EXERCISE AIM> Every record must be restated exactly. Drop the images.

RECORDS TO PROCESS>

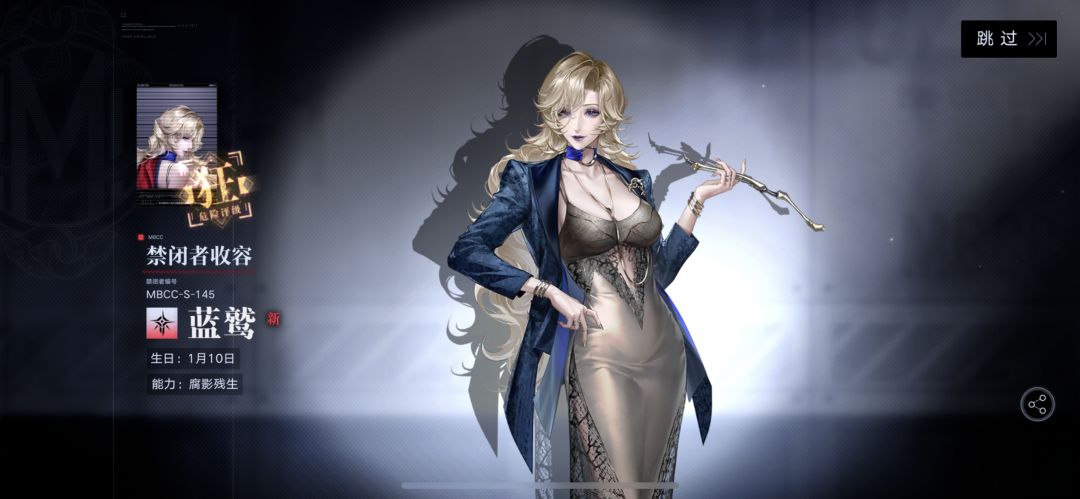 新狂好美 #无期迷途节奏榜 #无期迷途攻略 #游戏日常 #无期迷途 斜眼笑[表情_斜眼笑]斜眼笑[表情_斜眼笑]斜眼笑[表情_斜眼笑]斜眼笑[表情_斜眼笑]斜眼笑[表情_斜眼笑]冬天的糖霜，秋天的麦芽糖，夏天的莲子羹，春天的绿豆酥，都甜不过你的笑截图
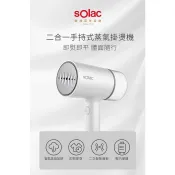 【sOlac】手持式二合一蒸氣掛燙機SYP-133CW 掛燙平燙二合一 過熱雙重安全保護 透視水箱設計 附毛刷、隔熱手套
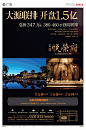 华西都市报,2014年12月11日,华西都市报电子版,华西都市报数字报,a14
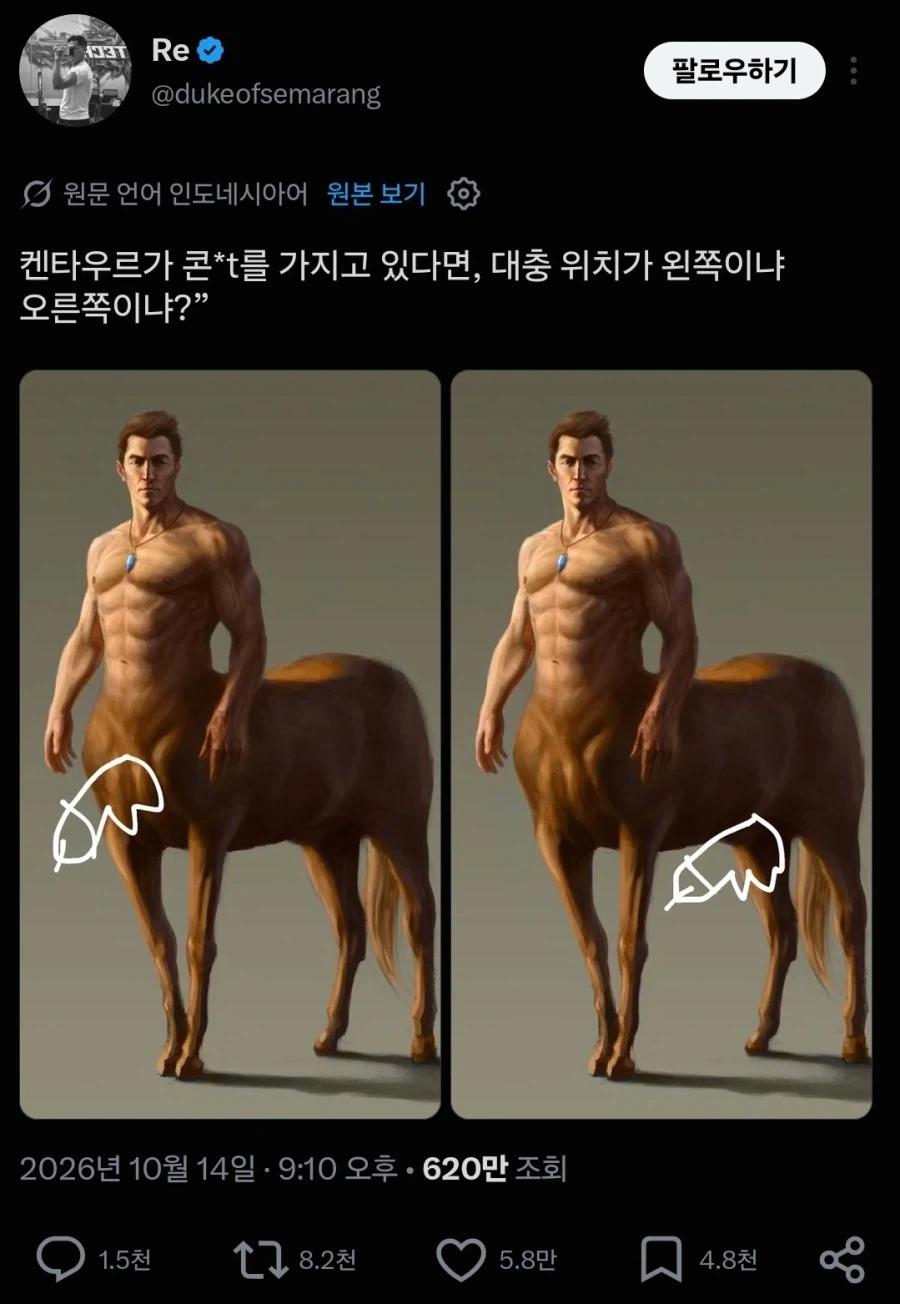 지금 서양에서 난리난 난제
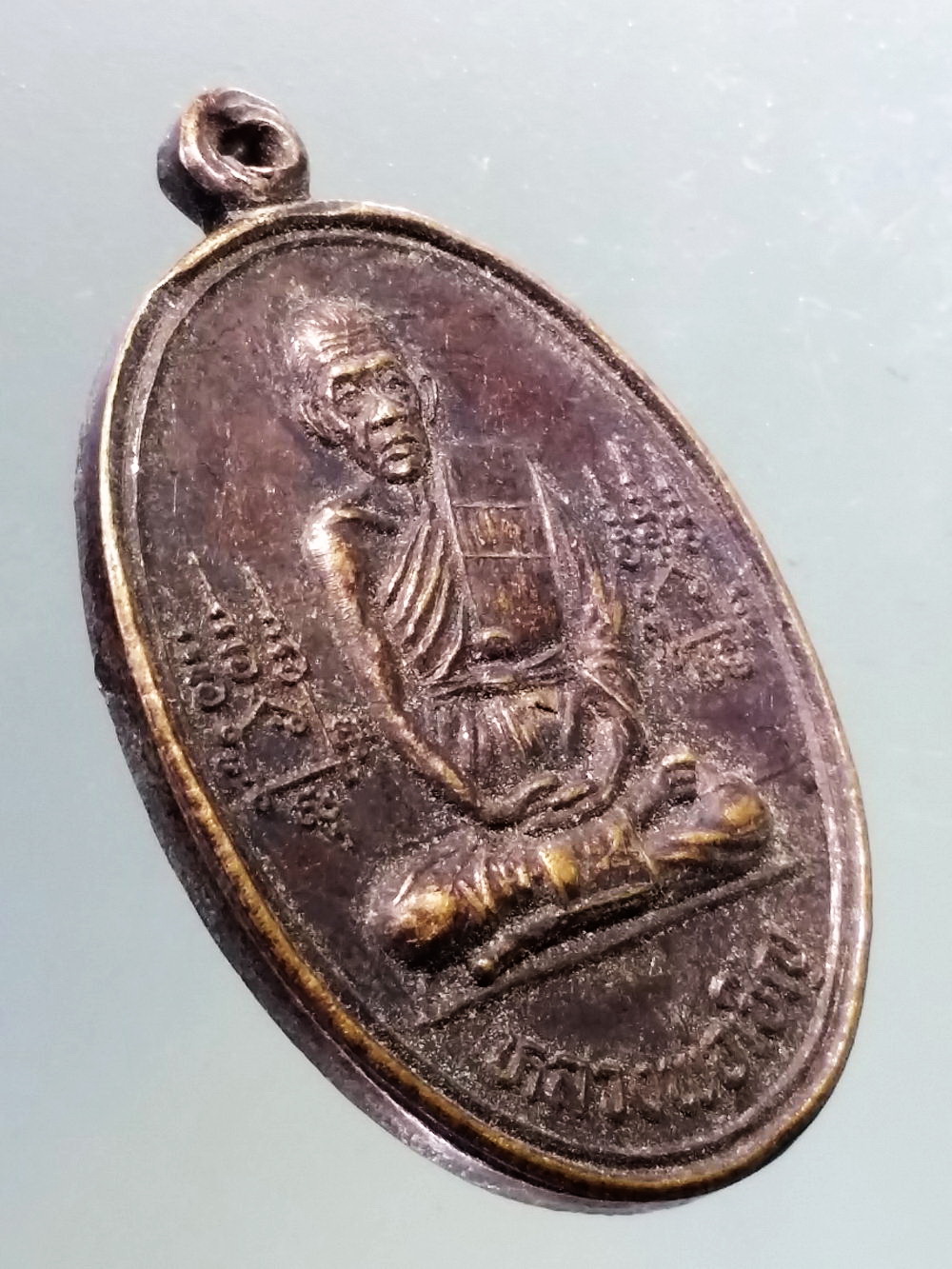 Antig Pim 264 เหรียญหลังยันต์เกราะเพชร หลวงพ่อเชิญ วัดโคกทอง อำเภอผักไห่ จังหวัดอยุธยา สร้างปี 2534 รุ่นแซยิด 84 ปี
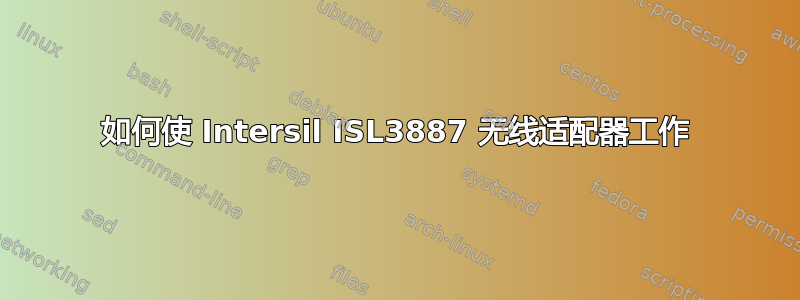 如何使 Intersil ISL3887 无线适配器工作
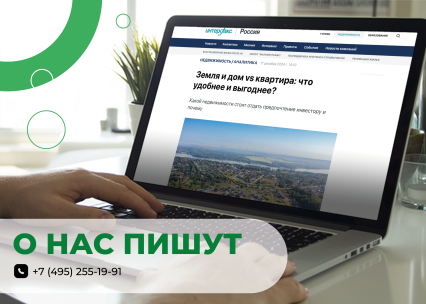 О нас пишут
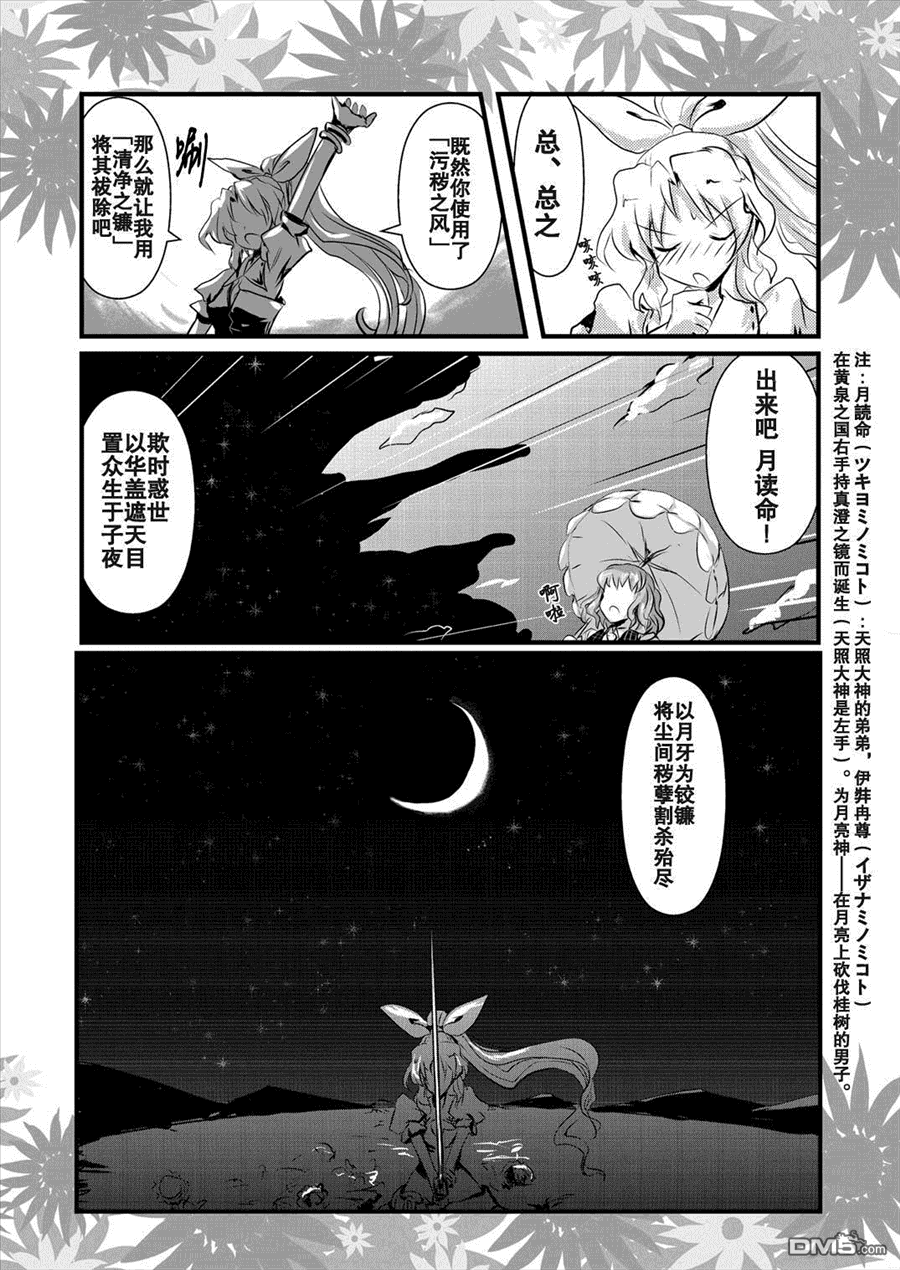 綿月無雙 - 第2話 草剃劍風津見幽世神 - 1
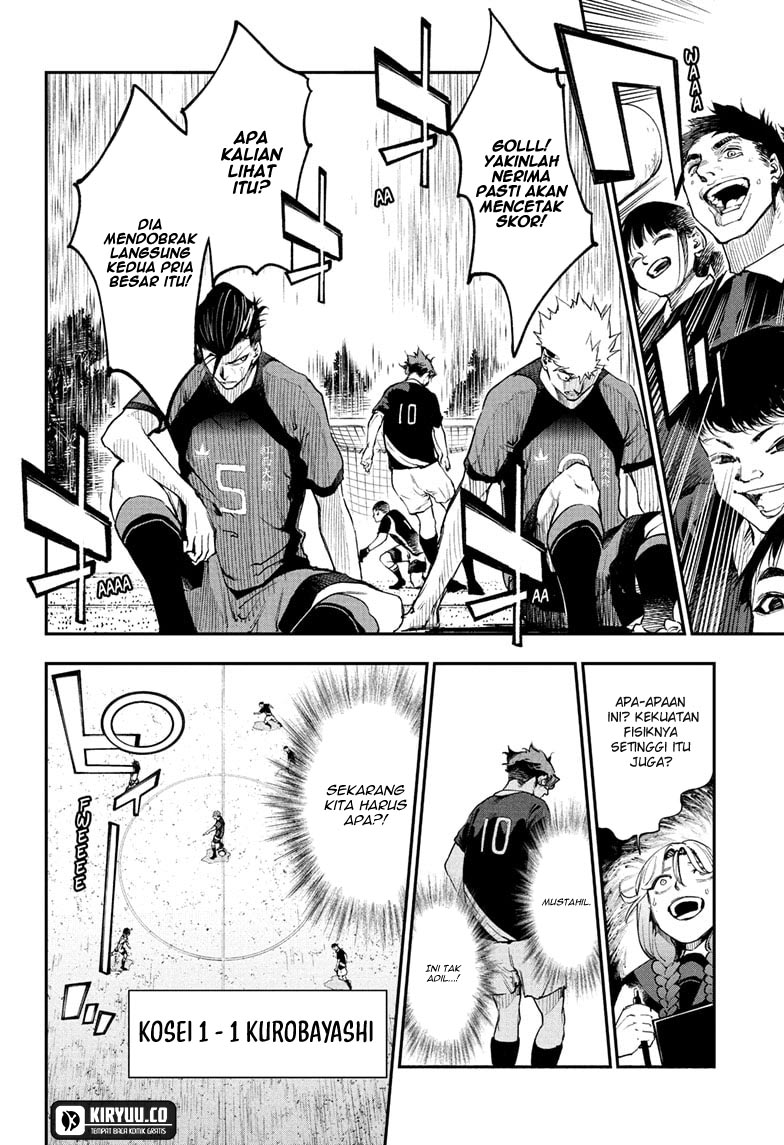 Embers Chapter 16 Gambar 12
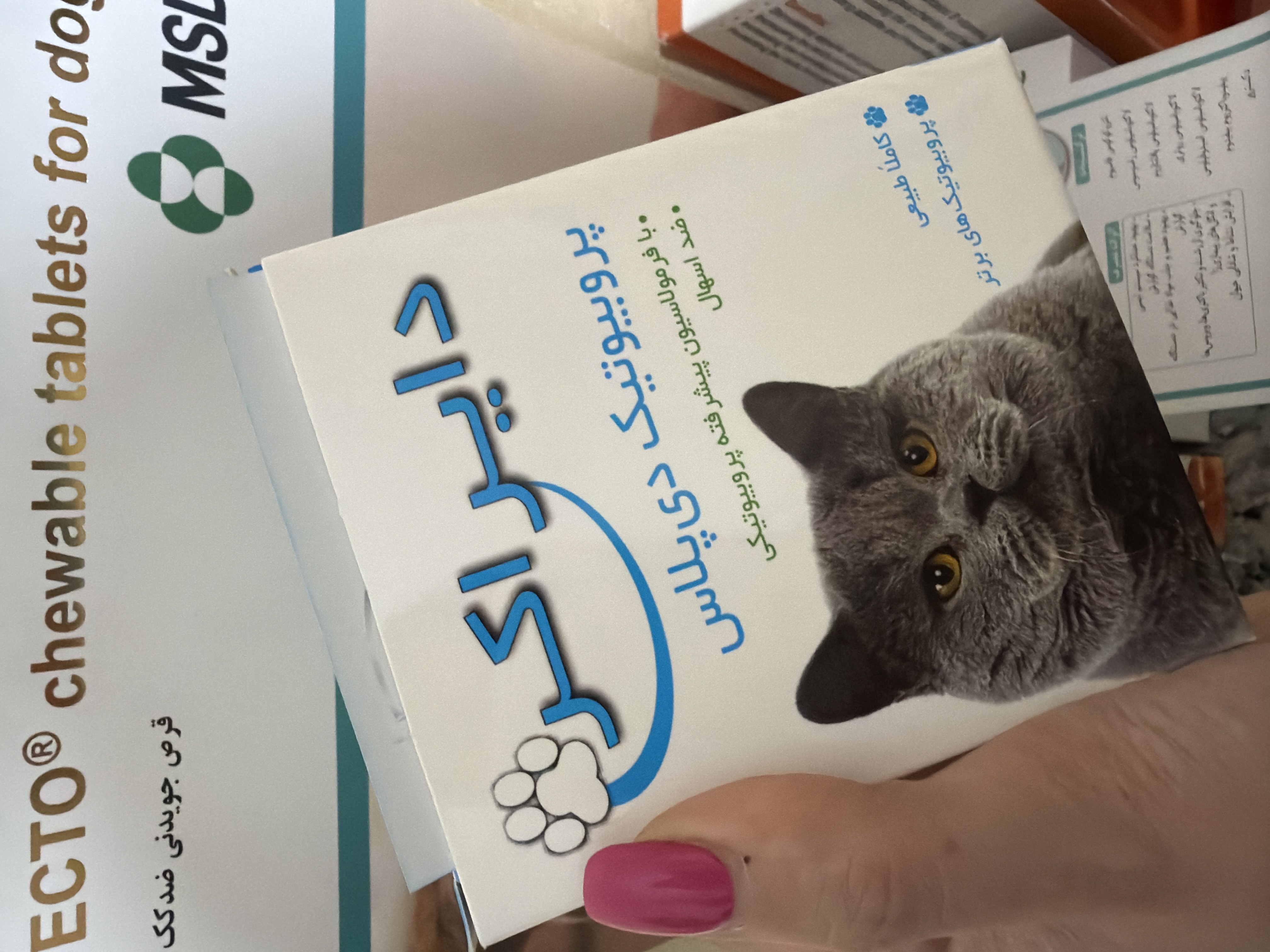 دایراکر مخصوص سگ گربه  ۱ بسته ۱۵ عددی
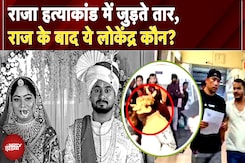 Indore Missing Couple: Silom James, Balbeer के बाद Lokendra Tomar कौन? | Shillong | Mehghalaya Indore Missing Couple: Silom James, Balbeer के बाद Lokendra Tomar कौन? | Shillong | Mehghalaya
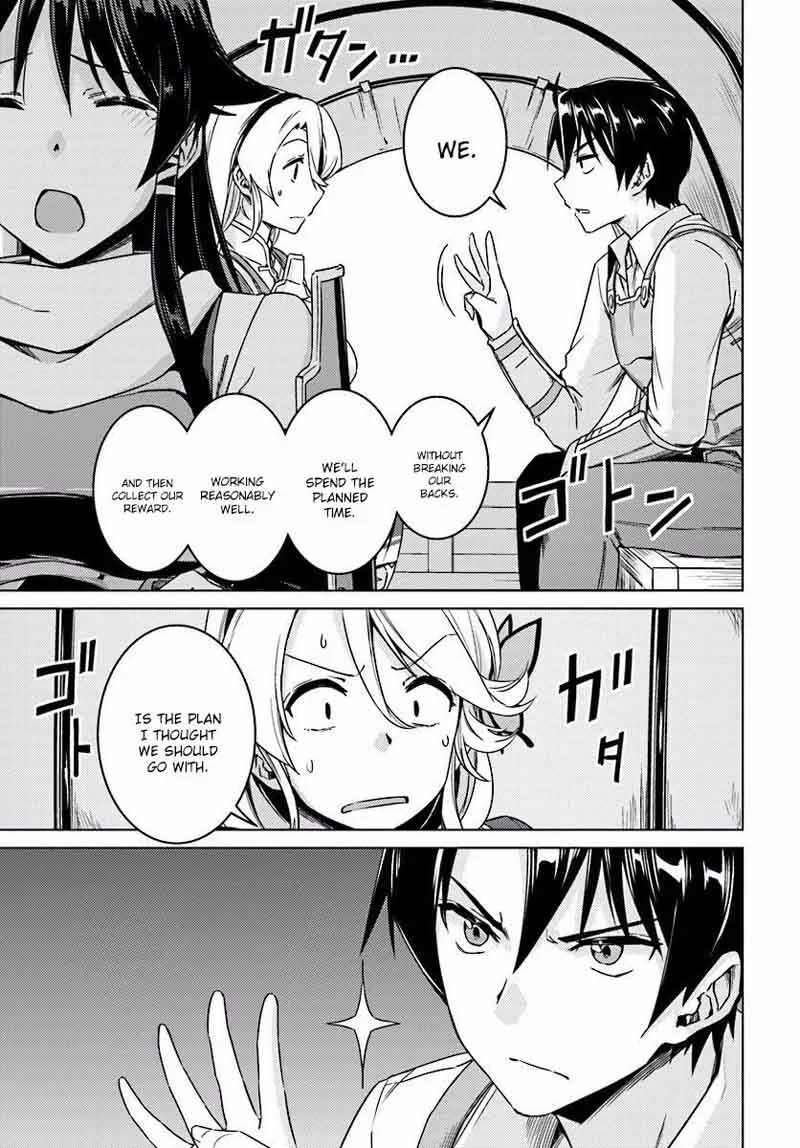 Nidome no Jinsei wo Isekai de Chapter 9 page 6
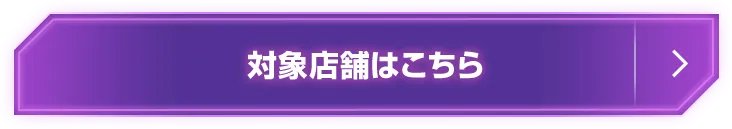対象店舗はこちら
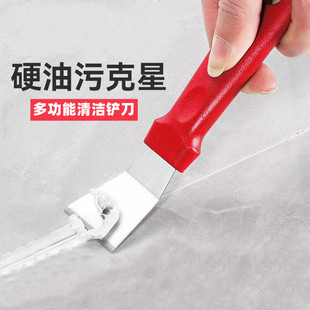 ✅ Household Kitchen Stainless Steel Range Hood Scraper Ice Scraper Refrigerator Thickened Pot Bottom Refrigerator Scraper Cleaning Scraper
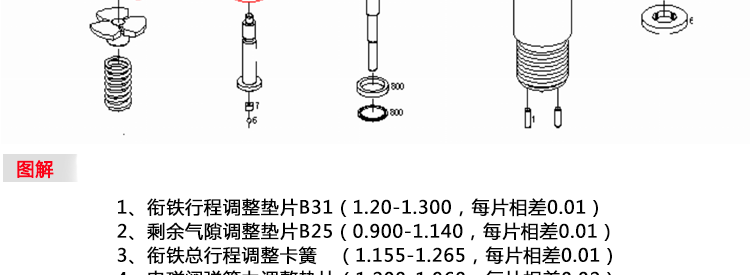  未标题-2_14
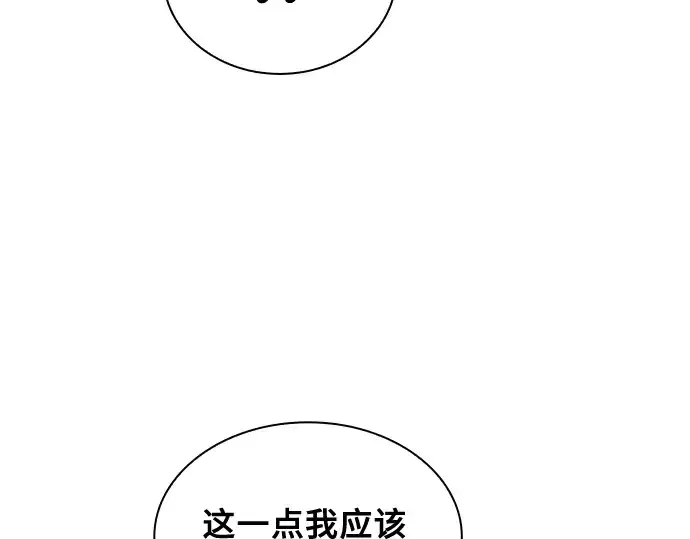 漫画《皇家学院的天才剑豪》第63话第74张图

SOLUTION>
 新狂好美 #无期迷途节奏榜 #无期迷途攻略 #游戏日常 #无期迷途 斜眼笑[表情_斜眼笑]斜眼笑[表情_斜眼笑]斜眼笑[表情_斜眼笑]斜眼笑[表情_斜眼笑]斜眼笑[表情_斜眼笑]冬天的糖霜，秋天的麦芽糖，夏天的莲子羹，春天的绿豆酥，都甜不过你的笑截图
 【sOlac】手持式二合一蒸氣掛燙機SYP-133CW 掛燙平燙二合一 過熱雙重安全保護 透視水箱設計 附毛刷、隔熱手套
 华西都市报,2014年12月11日,华西都市报电子版,华西都市报数字报,a14
 지금 서양에서 난리난 난제
 Antig Pim 264 เหรียญหลังยันต์เกราะเพชร หลวงพ่อเชิญ วัดโคกทอง อำเภอผักไห่ จังหวัดอยุธยา สร้างปี 2534 รุ่นแซยิด 84 ปี
 如何使 Intersil ISL3887 无线适配器工作
 О нас пишут
 綿月無雙 - 第2話 草剃劍風津見幽世神 - 1
 Embers Chapter 16 Gambar 12
 دایراکر مخصوص سگ گربه  ۱ بسته ۱۵ عددی
 Indore Missing Couple: Silom James, Balbeer के बाद Lokendra Tomar कौन? | Shillong | Mehghalaya Indore Missing Couple: Silom James, Balbeer के बाद Lokendra Tomar कौन? | Shillong | Mehghalaya
 Nidome no Jinsei wo Isekai de Chapter 9 page 6
対象店舗はこちら
 ✅ Household Kitchen Stainless Steel Range Hood Scraper Ice Scraper Refrigerator Thickened Pot Bottom Refrigerator Scraper Cleaning Scraper
  未标题-2_14
 漫画《皇家学院的天才剑豪》第63话第74张图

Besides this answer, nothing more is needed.